There were three types of people who signed up for the workshops. There were guys like Exoticoption from Belgrade, who were normal and well-adjusted socially, but wanted to have greater flexibility and choice in meeting girls. There were guys who were uptight and set in their ways, like Cliff, who couldn't even handle having a nickname like everybody else. They tended to gather as much knowledge as they could but had trouble making even the smallest behavioral change. And then there were people like Papa—approach machines who compensated for a lack of social skills with a lack of social fears. Approach machines tended to improve the fastest, simply by following the flowchart of material they were given. But once they ran out of material, they floundered.

And this was going to be Papa's challenge. He was a soft-spoken Chinese pre-law student. He wore a checkered button-down shirt and jeans that were a size too large. They always seemed to arrive in a checkered button-down shirt and oversized jeans. And they always left in a loud shiny shirt, tight black synthetic pants, silver rings, and sunglasses pushed up on their heads. It was the player uniform, designed to convey sexuality, which was evidently synonymous with cheesiness.
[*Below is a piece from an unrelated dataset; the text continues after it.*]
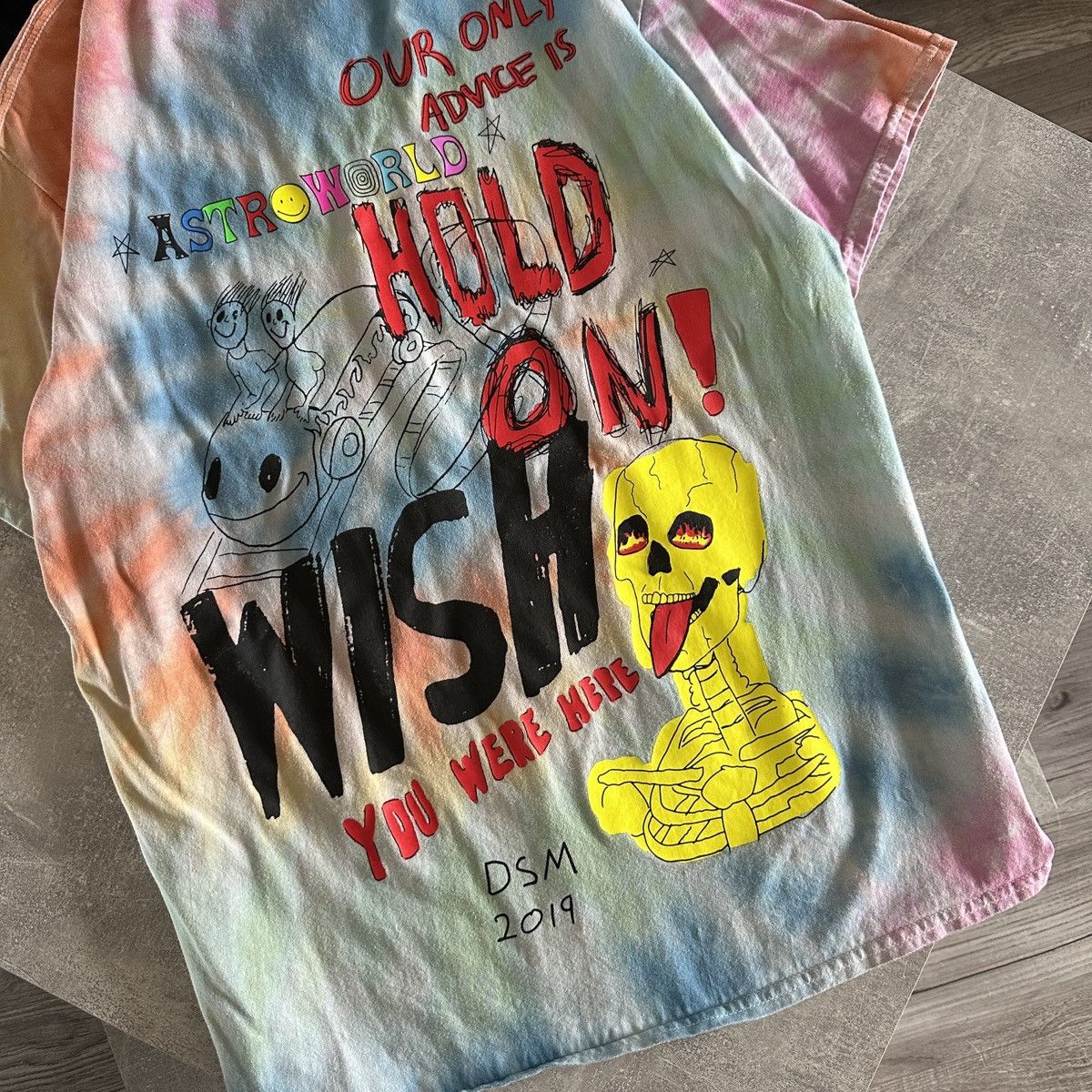 Other Travis Scott Astroworld x DSM Wish you were here 2019 tee Size US M / EU 48-50 / 2 - 8 Thumbnail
Mystery and I sat down with Papa at a cafe and asked the usual questions: What's your score? What would you like it to be? What are your sticking points?

"Well, I used to be the social chair of my fraternity," he began. "And I come from a lot of money. My father is the president of a major university."

"Let me cut you off right there," I said. "You're qualifying yourself to us. Instead of gaining our admiration, all you're doing is displaying lower status. A rich man doesn't have to tell you he's rich."

Papa nodded stupidly. His head seemed to be surrounded by a dense invisible fog, which made his reaction time just a little slower than most people's. It gave the impression that he wasn't all there.

"Is it okay if I record everything you're saying?" Papa asked, struggling to pull a small digital recorder out of his pocket.

There are certain bad habits we've groomed our whole life—from personality flaws to fashion faux pas. And it has been the role of parents and friends, outside of some minor tweaking, to reinforce the belief that we're okay just as we are. But it's not enough to just be yourself. You have to be your best self. And that's a tall order if you haven't found your best self yet.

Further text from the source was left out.